1. Start with a large piece of paper.
You can use legal paper or ~ 3 sq. ft of butcher/chart paper.
2. Draw the Earth. Use coloring utensils to trace a Earth in the center of the
paper. Be sure to leave space to draw around it. Color the Earth blue and
green to represent the continents and oceans.
3. Draw the troposphere, which is the first layer of the atmosphere. The
troposphere extends 16 km above Earth.
Use the following scale - 1mm=1km. Put a series of dots around Earth, 16 mm from the Earth’s surface.
Connect the dots and label it the troposphere. Color it yellow. Draw pictures to help indicate what happens in this layer. You can add airplanes, people, weather occurrences, bad ozone.
4. Draw the stratosphere, which is the second layer of the atmosphere. It
extends 16km-50km above the Earth’s surface.
Measure and draw a circle 50 mm from Earth’s surface. Be careful- do not
draw it starting from the troposphere, remember to start measuring from
Earth’s surface.
Connect the dots and label it stratosphere. Color it orange.
Draw pictures to help indicate what happens here. Jet streams occur here, which are fast moving currents of air between the 2 layers. This is also where the ozone layer is found, which absorbs ultraviolet radiation.
5. Draw the mesosphere, which extends 50km-90km from the Earth’s surface.
Measure and draw a circle 90 mm from the Earth’s surface.
Label this layer mesosphere. Color it red.
Draw pictures to help show characteristics. It is the coldest layer of the atmosphere. Radio waves are reflected to Earth and meteors burn up in this layer.

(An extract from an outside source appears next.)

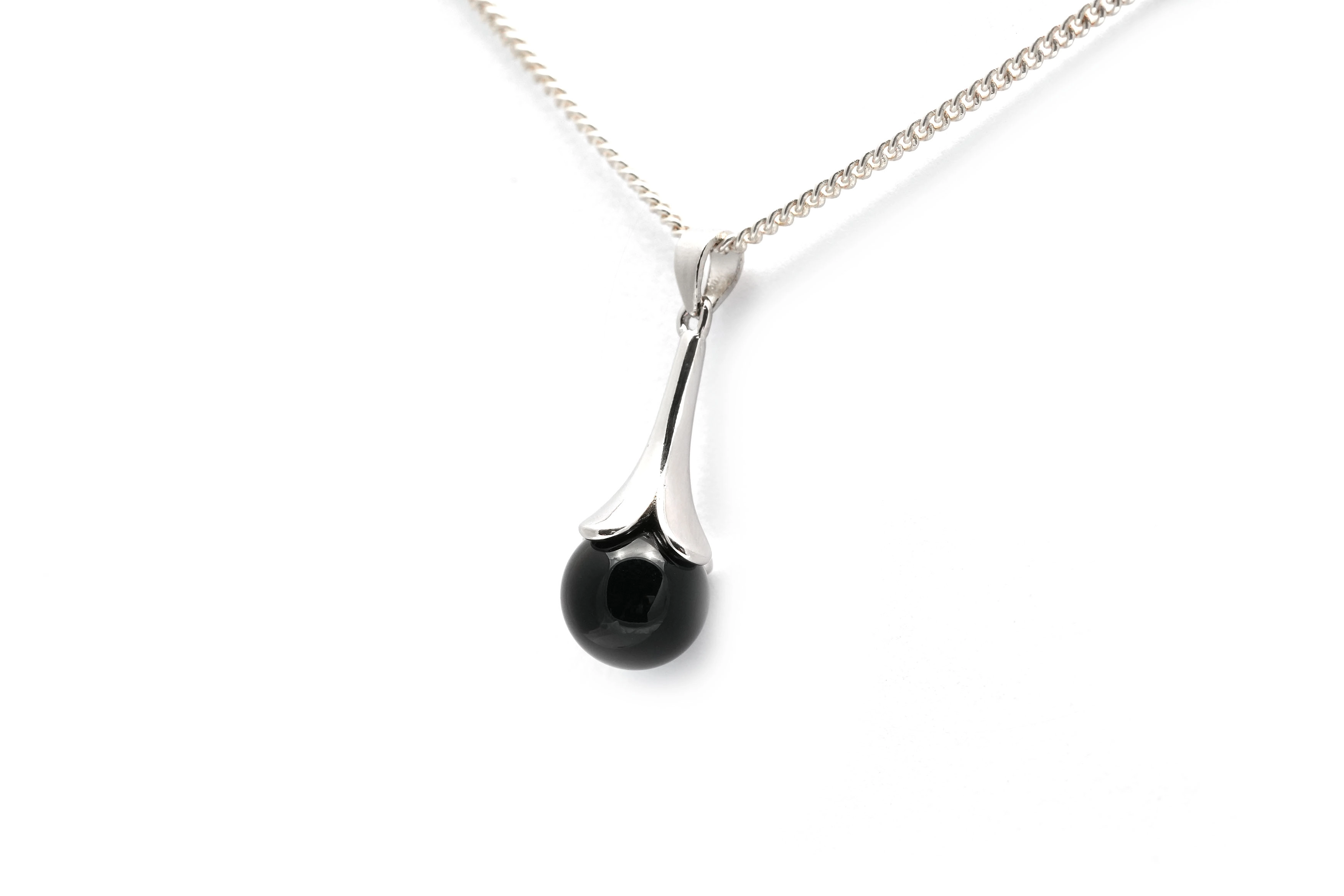 Pendentif contemporain en argent 925 serti d'une onyx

6. Label the ozone. The ozone is not a main layer of the atmosphere, but plays
an important role in how it works.
The ozone is between the stratosphere and the mesosphere. Its symbol is O3 because it is made of three oxygen atoms.

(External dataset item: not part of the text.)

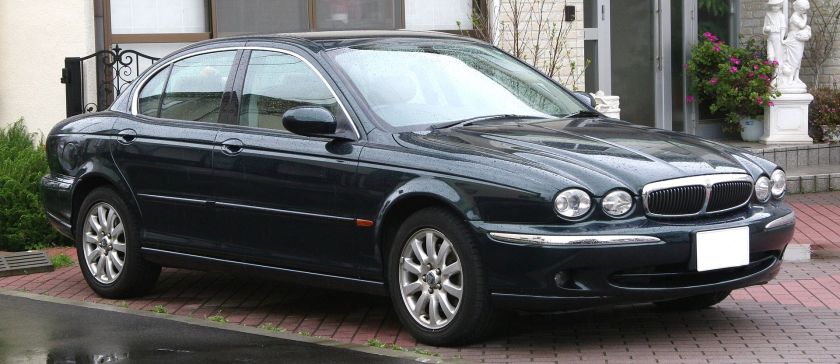 2002–2003 Jaguar X-Type saloon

Color a thin, blue line to represent the ozone. Make a small section of the line dotted (----) to represent the “hole” in the ozone layer.
7. Draw the thermosphere. This is the fourth layer of the atmosphere. It extends
90km-300km from the Earth’s surface.
Label it the thermosphere and color it green.
Draw pictures to help show characteristics. The thermosphere is very hot and contains light “shows” called auroras.
8. Beyond the thermosphere is the exosphere. It extends 300km-> 600 km.
Color this gray and label it exosphere.
When meteoroids enter Earth’s atmosphere, they enter through the thermosphere, which is extremely hot. Because of the heat, most meteoroids burn up. Draw and label a meteor entering Earth’s atmosphere.
Grading Rubric
Category
|
Well Done
(20 points)
|
Meets
Expectations
(15 points)
|
Needs
Work
(10 points)
|
Area of
Concern
(5 points)
| Measurement |
All layers are
accurately measured.
|
Three or more layers have accurate measurement.
|
Two of the layers have accurate measurement.
|
One or less of the layers are accurately measured.
| Color Coding |
All layers are color coded correctly.
|
Three or more layers are color coded correctly.
|
Two of the layers are color coded correctly.
|
One or less of the layers are color coded correctly.
| Labels |
All layers are correctly labeled.
|
Five layers are correctly labeled.
|
Three layers are correctly labeled.
|
Two or less layers are correctly labeled.
|
Symbols
|
All symbols or drawings are accurate placed.
|
Five symbols or drawings are accurately placed.
|
Three symbols or drawings are accurately placed.
|
Two or less symbols or drawings are accurately placed.
|
Neatness
|
The drawing is neat. There are no eraser marks or redrawn lines visible. The student name is on the back.
|
The drawing is neat. There are a few eraser marks or redrawn lines. Student’s name is on the back.
|
There is visible evidence of several mistakes. The paper is wrinkled and or ripped. Student’s name is not on back or is missing.
|
The drawing looks like it has been in your backpack for a month. There is visible evidence of many mistakes. Student’s name is missing or not on back.